Chris Richardson and Carleigh Sailon with the Mental Health Center of Denver (left and right) and Spencer Lee, a Denver Health paramedic, stand in front of the Support Team Assisted Response's new van. June 8, 2020. Photo Credit: Kevin J. Beaty/Denverite

Society USA22. February 2021

How Nonviolent People Are Getting Help Instead of Jail Time

After six months of activity, a young program established in Denver, United States, dedicated to putting nonviolent people in the hands of healthcare workers instead of police officers proved to be a success.

“We run an unbelievable amount of calls for such a limited pilot program and have had some really good outcomes on those calls,” says Carleigh Sailon, one of two civilian social workers on the Support Team Assisted Response program, or STAR. Since June 1st, 2020, the team responded to a total of 748 incidents, and none required police or led to arrests and jail time.

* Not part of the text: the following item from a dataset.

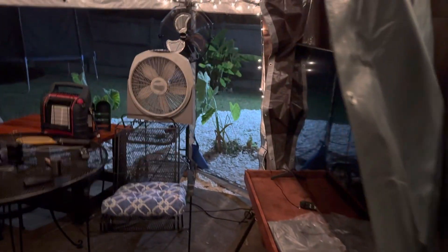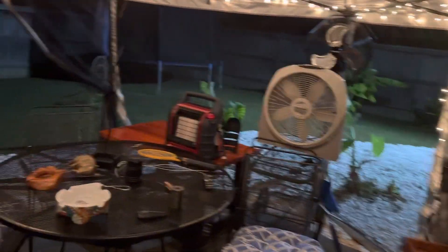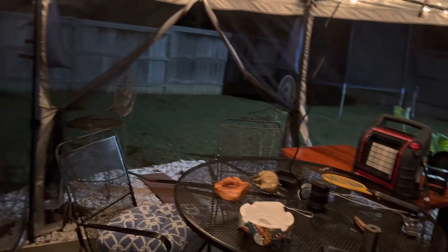Folks, I want to welcome y'all again to my little outdoor man cave for the winter. I think it's so cool — I'm out here watching football and everything. I'm going to keep y'all updated as I add to it. We got some Christmas lights up here, I don't know if y'all saw that last time.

The empathic approach STAR adopts helps to keep people out of an often-cyclical criminal justice system. Around 35% of calls to STAR come from police officers, which goes to prove “how much officers are buying into this, realizing that these individuals need a focused level of care,” says Matthew Lunn, Ph.D., author of the report. For Chief of Police Paul Pazen, the presence of a support system such as STAR solves two problems at once: getting harmless residents the help they need while letting police focus on police issues. “If it can lighten the load on mental health calls for service, substance abuse calls for service, and low-level issues, then it frees up law enforcement to address crime issues.”